Why Quitting Now Might be the Right Idea
There's potential value in this impulse. Three to six months into a new relationship (the point when the most intense of these chemical rushes are subsiding) may be exactly the right time to end it. It’s when you see the other person more clearly and have no idea what you originally saw in him or her. So, if you've realized this person is definitely not who you want to spend a longer chunk of your life with, go ahead: do it now. It's better not to wait for habit to set in.
On the Other Hand
However, if your desire to quit the relationship has more to do with the "thrill being gone" than any new sharper perspective on how the two of you don’t fit well together, it may be smarter to pause and reconsider your motivations. The desire to run may have more to do with the underlying chemical changes going on in your current relationship.
Singles who perennially play the field may be in danger of becoming "infatuation junkies." These men and women covet the highs that only a new love interest can deliver. They seek the "perfect" boyfriend or girlfriend more than a real relationship with another imperfect person. Only you can figure out whether your relationship with a partner is durable enough to go the distance. But don’t forget to take the chemistry that goes with different phases of love into account when you weigh your thoughts and feelings.
Love After Lust Cools: What's in it for You?

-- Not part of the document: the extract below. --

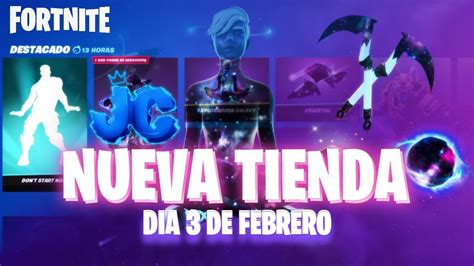 La Nueva Tienda De Fortnite Hoy D A De Febrero Fortnite Nueva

It's known by a variety of names, including the attachment system, and companionable love. In committed love, you move into a less frenetic biochemical circuit, a flatter curve. Like the chemistry of attraction, this one runs in myriad pathways between your brain and body—different, not better or worse. It’s not true that as long time lovers, you won't experience lust again. Surveys say that married people have sex more often and are often more sexually satisfied than singles. But sex and romance are no longer the primary drivers of your relationship. You're thinking beyond Saturday night. You're getting practical.